Task description: Transcribe each record exactly; skip any picture.

Image-caption web data
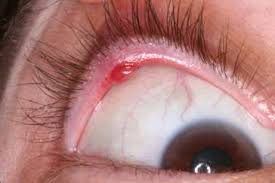 Check spelling or type a new query. Photos Of Chalazion And Stye Eyelid Plastic Surgery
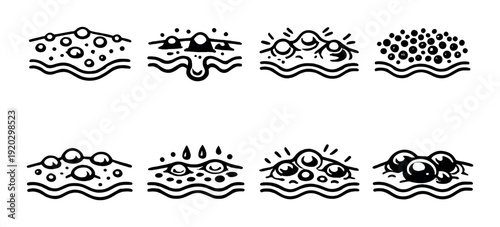 Skin pore and acne progression icons on gray background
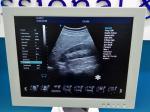 Echography Medical Ultrasound Machine 3D 4D Digital Ultrasonic Diagnostic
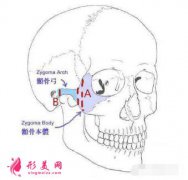 顴骨寬大：做一個(gè)顴弓內(nèi)推術(shù)治標(biāo)又治本！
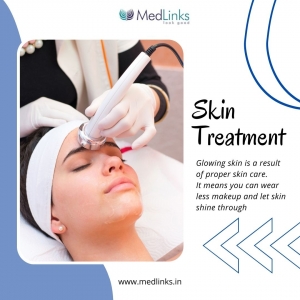 Clear Skin Ahead: Advanced Acne Treatment at MedLinks Aesthetics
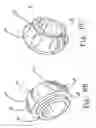 Fig. 11 - Prosthesis deployment system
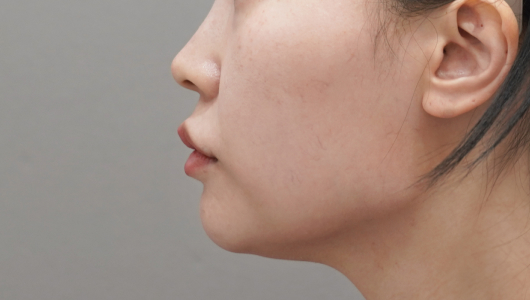 Titanium Lifting Before Treatment 2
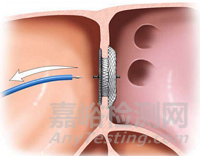 葛均波院士團(tuán)隊(duì)首創(chuàng)可穿刺放入的房缺封堵器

Written response:
 Check spelling or type a new query. Photos Of Chalazion And Stye Eyelid Plastic Surgery
 Skin pore and acne progression icons on gray background
 Echography Medical Ultrasound Machine 3D 4D Digital Ultrasonic Diagnostic
 顴骨寬大：做一個(gè)顴弓內(nèi)推術(shù)治標(biāo)又治本！
 Clear Skin Ahead: Advanced Acne Treatment at MedLinks Aesthetics
 Fig. 11 - Prosthesis deployment system
 Titanium Lifting Before Treatment 2
 葛均波院士團(tuán)隊(duì)首創(chuàng)可穿刺放入的房缺封堵器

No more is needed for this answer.